● Prompt: Reproduce each record below in full, word for word, without images.

● Entries provided:
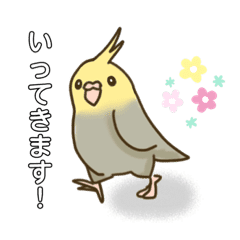 かわいい インコのイラストスタンプ Line スタンプ Line Store かわいい インコのイラストスタンプ Line スタンプ Line Store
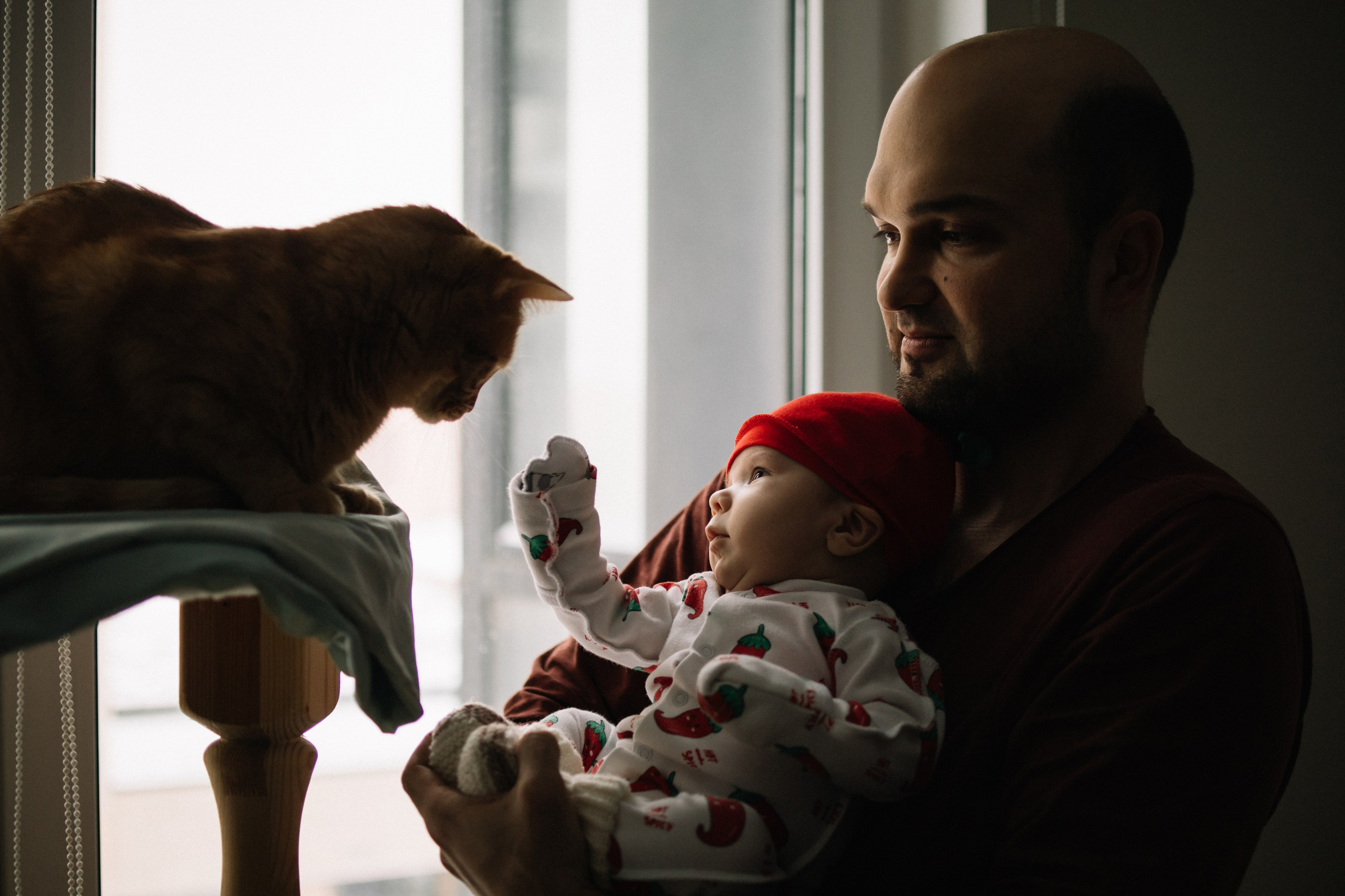 Домашняя съемка. Семейный фотограф в Томске Максимова Екатерина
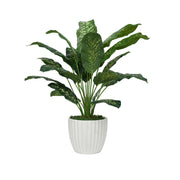 32" Dieffenbachia in Stone Wash White Ceramic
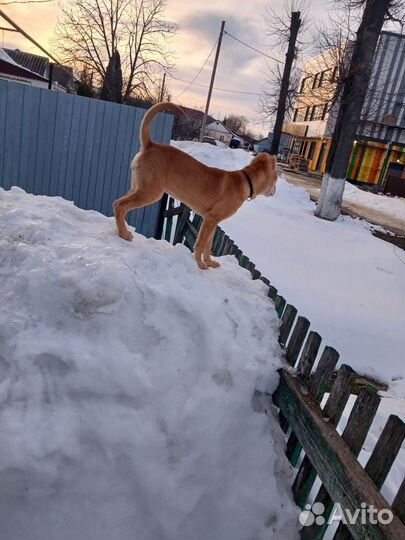 Собака питбуль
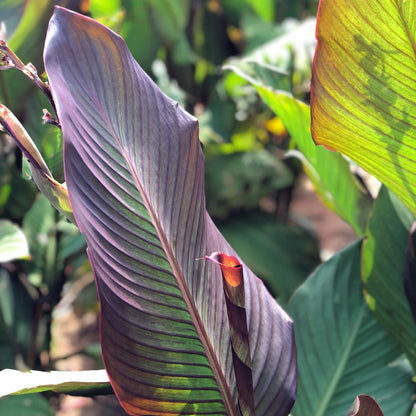 Orange Musifolia Bulk 50-Pack Canna Flower Bulbs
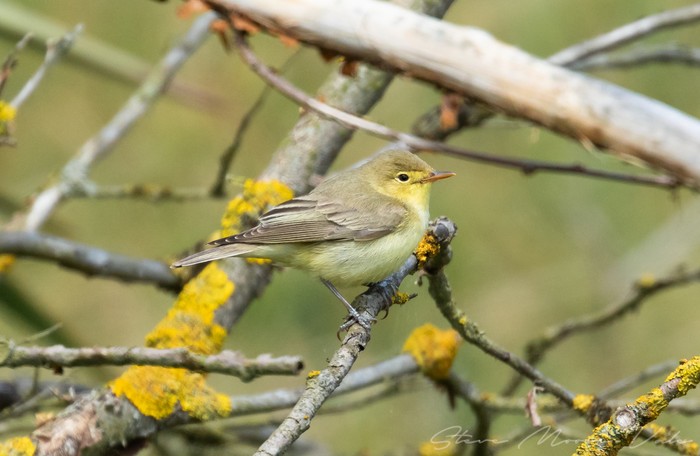 Icterine Warbler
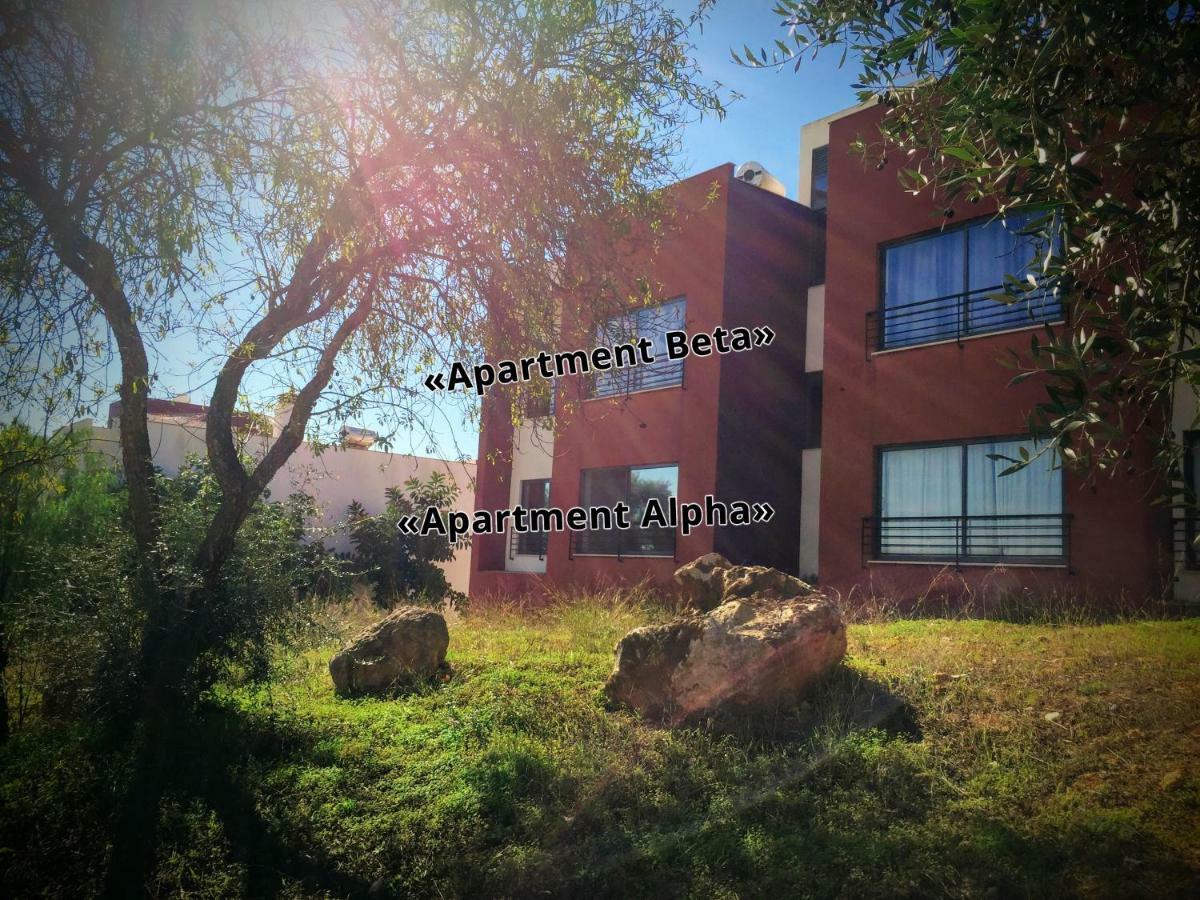 Apartment Alpha - 2 Bedrooms, Private Rooftop Patio With Hot Tub, Bbq And View Ferragudo  Luaran gambar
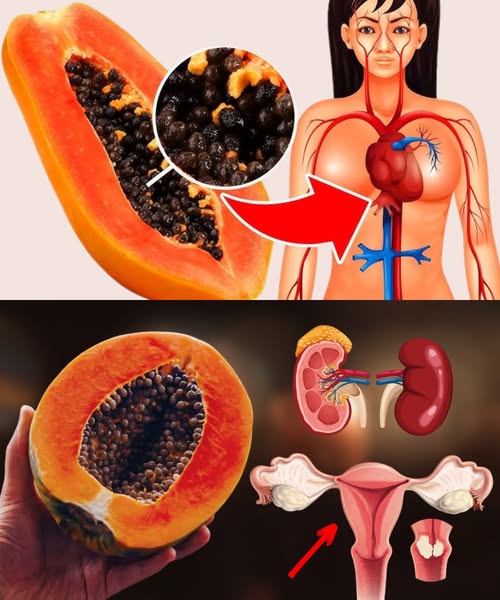 Beneficios de las semillas de papaya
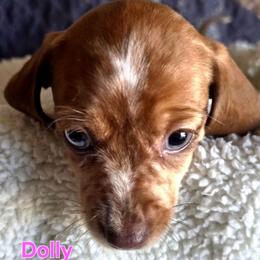 Dolly - Dapple female Dachshund puppy in Buckeye, Arizona from Sweetwater Dachshunds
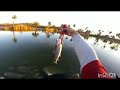 Bass &amp; Trout fishing at AZ Urban ponds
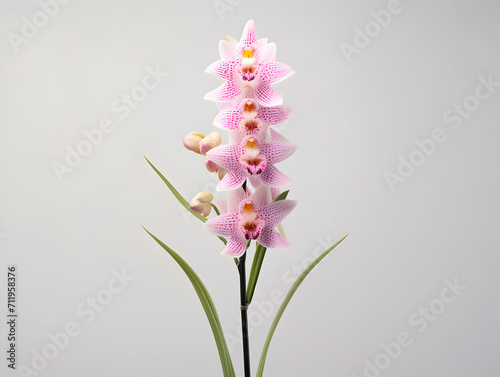 Foxtail Orchid flower in studio background, single Foxtail orchid flower, Beautiful flower images photo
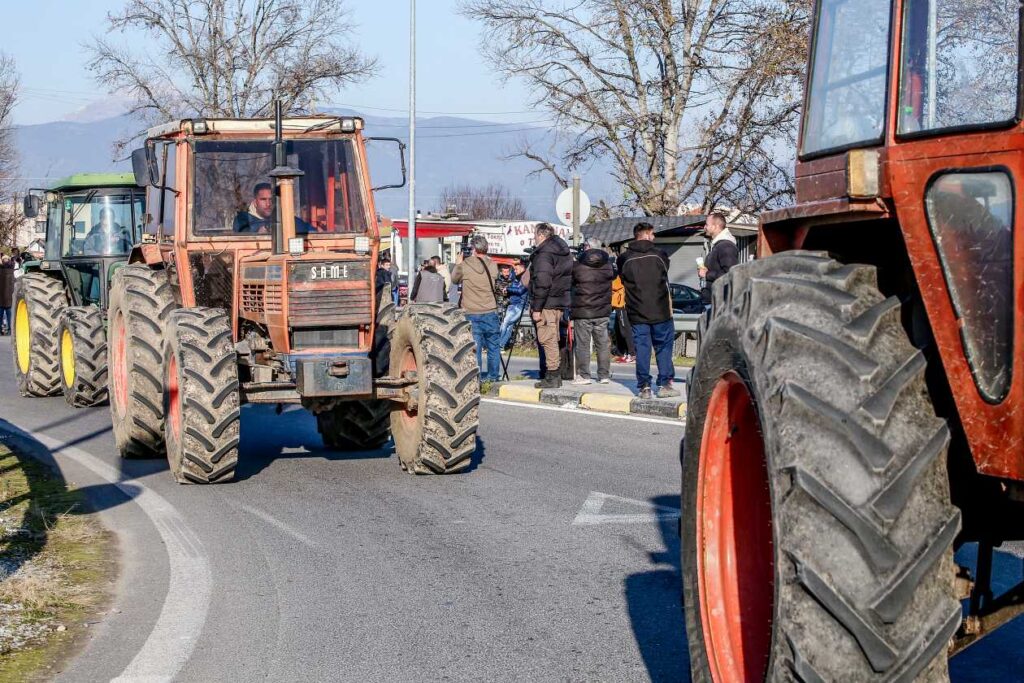 agrotes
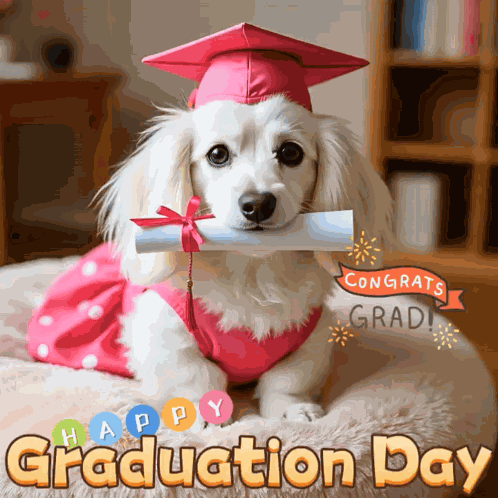 Happy Graduation Day Graduate GIF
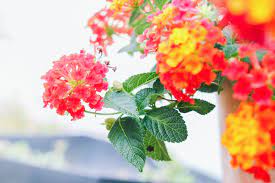 We did not find results for: 8 Low Maintenance Landscape Plants For South Florida Plant Professionals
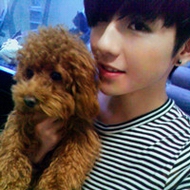 ������ŷ����ק��qq����ͷ��ֵ��ɭŮ�ղص�˧��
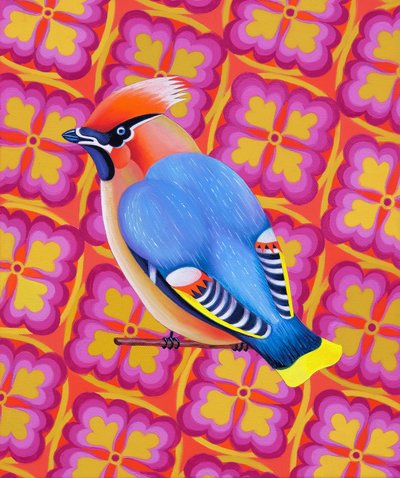 Cedar Waxwing, 2023 da Jane Tattersfield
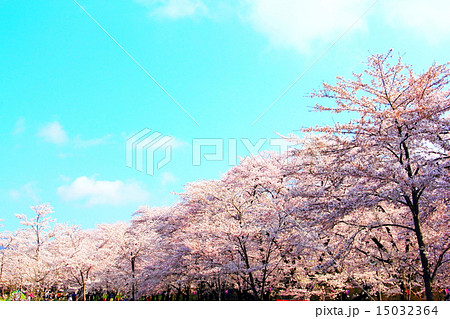 赤城南面千本桜(ソメイヨシノ) 赤城南面千本桜(ソメイヨシノ) 15032364
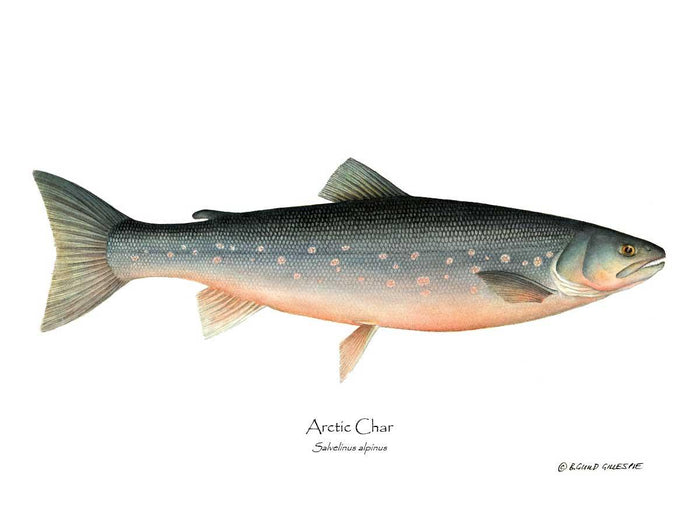 Fish Print: Char, Arctic Salvelinus alpinus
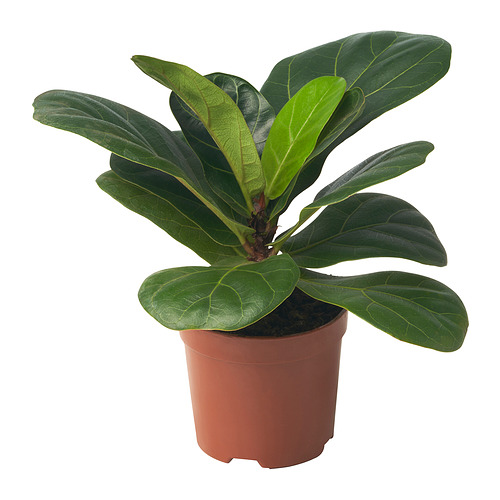 FICUS LYRATA potted plant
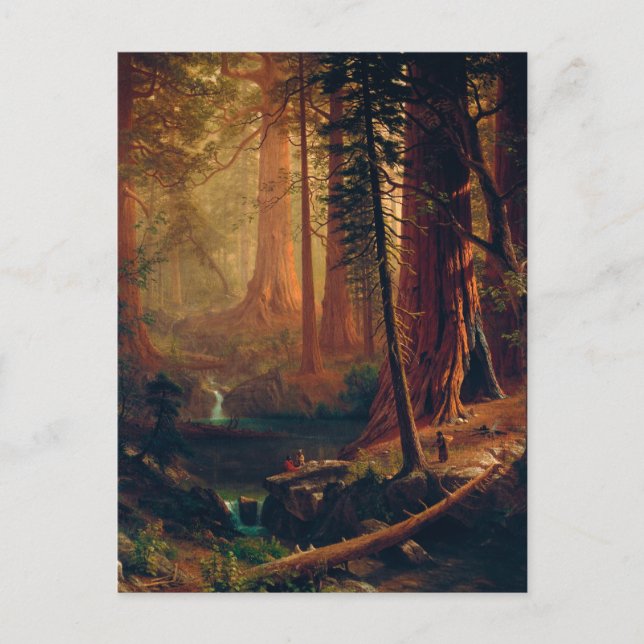 Giant Redwood Trees of California by A. Bierstadt Vykort (Framsida)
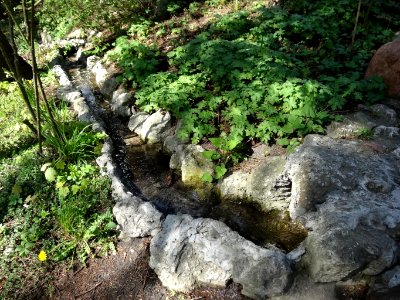 Bdg Arboretum UKW21 4-2015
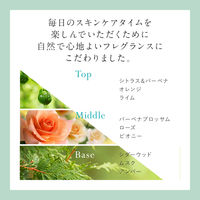 数量限定　Dr.SYUWAN セラム＆シートマスクセット 1枚+1個 ビタミンC リフトアップ パック 保湿 毛穴  I-ne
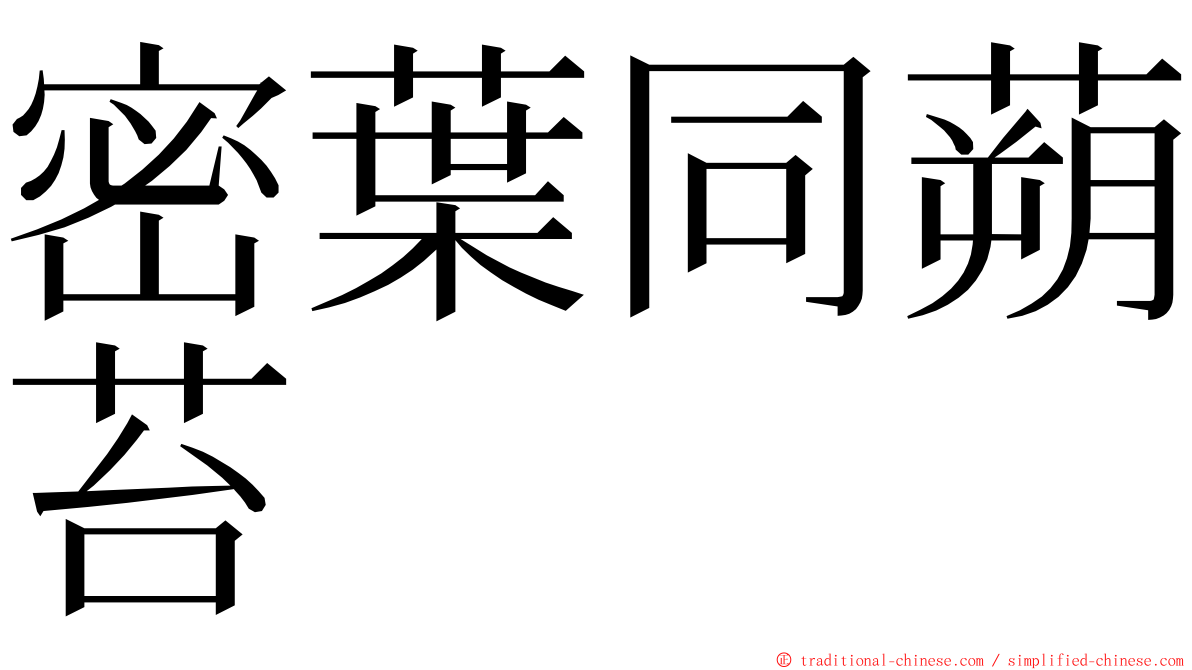 密葉同蒴苔 ming font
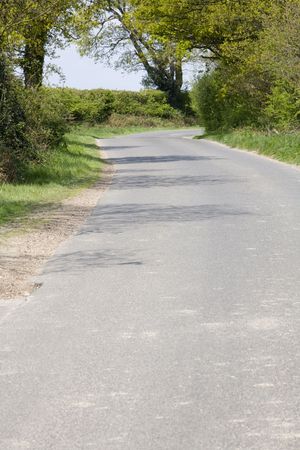 curved road down a country lane lined with green trees on both sides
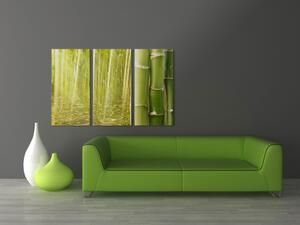 Obraz Bambus ve vodní hladině (3-dílný) - zelená vegetace a harmonie zen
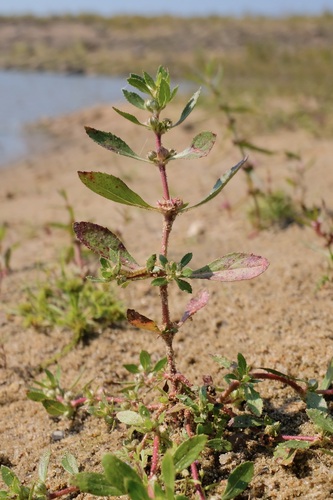 Image of Bergia texana by (c) Nathan Aaron, some rights reserved (CC BY)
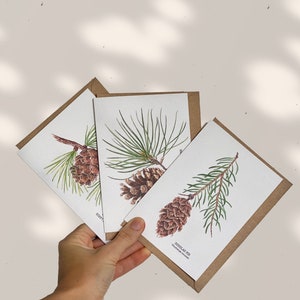DENNENappels wenskaarten. Handgemaakt, 100% milieuvriendelijk en luxe briefpapier.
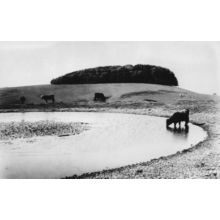 Dewpond & Chanctonbury Ring Sussex Iron Fort Water Supply Photo Postcard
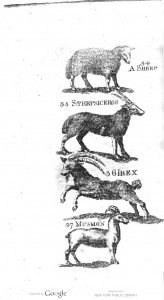 boreman ibex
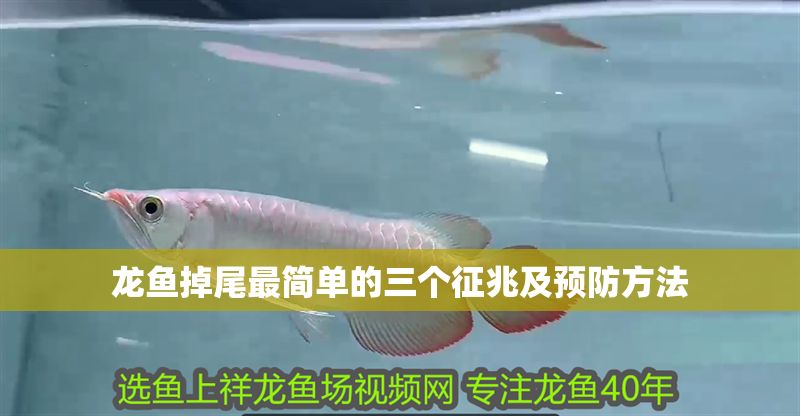 龍魚掉尾最簡單的三個征兆及預防方法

● Reply to the task:
 かわいい インコのイラストスタンプ Line スタンプ Line Store かわいい インコのイラストスタンプ Line スタンプ Line Store
 Домашняя съемка. Семейный фотограф в Томске Максимова Екатерина
 32" Dieffenbachia in Stone Wash White Ceramic
 Собака питбуль
 Orange Musifolia Bulk 50-Pack Canna Flower Bulbs
 Icterine Warbler
 Apartment Alpha - 2 Bedrooms, Private Rooftop Patio With Hot Tub, Bbq And View Ferragudo  Luaran gambar
 Beneficios de las semillas de papaya
 Dolly - Dapple female Dachshund puppy in Buckeye, Arizona from Sweetwater Dachshunds
 Bass &amp; Trout fishing at AZ Urban ponds
 Foxtail Orchid flower in studio background, single Foxtail orchid flower, Beautiful flower images photo
 agrotes
 Happy Graduation Day Graduate GIF
 We did not find results for: 8 Low Maintenance Landscape Plants For South Florida Plant Professionals
 ������ŷ����ק��qq����ͷ��ֵ��ɭŮ�ղص�˧��
 Cedar Waxwing, 2023 da Jane Tattersfield
 赤城南面千本桜(ソメイヨシノ) 赤城南面千本桜(ソメイヨシノ) 15032364
 Fish Print: Char, Arctic Salvelinus alpinus
 FICUS LYRATA potted plant
 Giant Redwood Trees of California by A. Bierstadt Vykort (Framsida)
 Bdg Arboretum UKW21 4-2015
 数量限定　Dr.SYUWAN セラム＆シートマスクセット 1枚+1個 ビタミンC リフトアップ パック 保湿 毛穴  I-ne
 密葉同蒴苔 ming font
 curved road down a country lane lined with green trees on both sides
 Obraz Bambus ve vodní hladině (3-dílný) - zelená vegetace a harmonie zen
 Image of Bergia texana by (c) Nathan Aaron, some rights reserved (CC BY)
DENNENappels wenskaarten. Handgemaakt, 100% milieuvriendelijk en luxe briefpapier.
 Dewpond & Chanctonbury Ring Sussex Iron Fort Water Supply Photo Postcard
 boreman ibex
 龍魚掉尾最簡單的三個征兆及預防方法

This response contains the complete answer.